Viewpoint: Diablo seismic study would damage marine life

April 18, 2012 

  • Public sessions

    The State Lands Commission is holding two public sessions Thursday to take public testimony on PG&E’s application to conduct high-energy, offshore seismic mapping. The sessions will be at 2 and 6 p.m. at the San Luis Obispo County Government Center, 1055 Monterey St., San Luis Obispo.

There is a very serious threat to our fisheries and all marine mammal life looming in the very near future courtesy of PG&E.

In order to renew its operating license for Diablo Canyon nuclear power plant, PG&E is required to perform a seismic study off the Central Coast. According to the Environmental Impact Report dated March 16, the seismic study area mapped out is from above Cambria to below Guadalupe. In fishing terms, from San Simeon to Point Sal.

The basic facts of the seismic survey are: PG&E plans to run a ship that to my understanding is more than 200 feet long towing six cables. These cables have air guns attached that will blast every 30 seconds. This seismic study is to last 82 days running seven days a week, 24 hours a day, not taking into account bad weather and marine mammal sightings. It is a federal law that marine mammals may not be disturbed or harmed in any way. A study of this magnitude has never been done before.

The commercial fishermen of Morro Bay and Port San Luis have a list of concerns:

1. The survey will be conducted in Marine Protected Areas and Rock Cod Recovery Zones. These are essential fish habitat where no commercial fishing is allowed by law. Yet PG&E plans to test in these areas.

2. The environmental impact report is based on 1980s low-energy seismic testing done for oil surveys. In the ’80s, marine life was affected for three years. This 1980s test was done at a much lower decibel level with only one cable. One fisherman, a commercial diver at the time, recalls being forced out of the water 10 miles away from the sound. (Sound travels 10 times further underwater.)
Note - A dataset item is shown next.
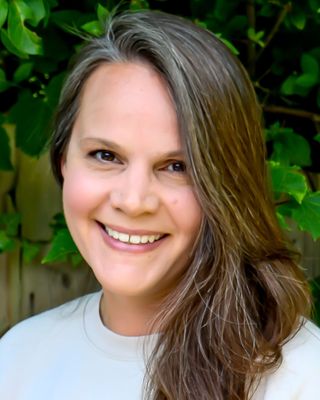 Photo of Sarah Hannibal, Counsellor, MA, MBACP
3. The environmental impact report seems to be flawed, using incorrect blocks or landing areas for commercial fishing as well as dated economic data for our commercial fishing seasons and landings.

4. The environmental impact report states that the air guns should only create a temporary hearing loss to fish and marine mammals. We feel this is incorrect. Fish have ear bones that can be easily shattered, and this would devastate shallow area rock fish. Recovery time was based on East Coast species, not West Coast species.

5. Larvae and fish eggs will be severely damaged or destroyed by this study.

If this study goes on as planned, there will be serious damage to our local economy from money lost from the study’s effects on commercial fishing, sport fishing and whale and marine mammal watching. PG&E seems to be unresponsive to negotiations in regards to mitigation of damages.

Please, if you care about our coastal environment, our marine mammals and our coastal economy, attend the public hearing Thursday. Please let our Board of Supervisors and other elected officials know that this seismic study is not OK.

Lori French is a longtime commercial fisherman’s wife, Morro Bay Chamber of Commerce director, Morro Bay Harbor Festival director, Central Coast Women for Fisheries past director, Morro Bay Commercial Fisherman’s Organization past director and the Founder of The Faces of California Fishing Education and Outreach Program. She wrote this on behalf of the commercial fishermen of Morro Bay and Port San Luis.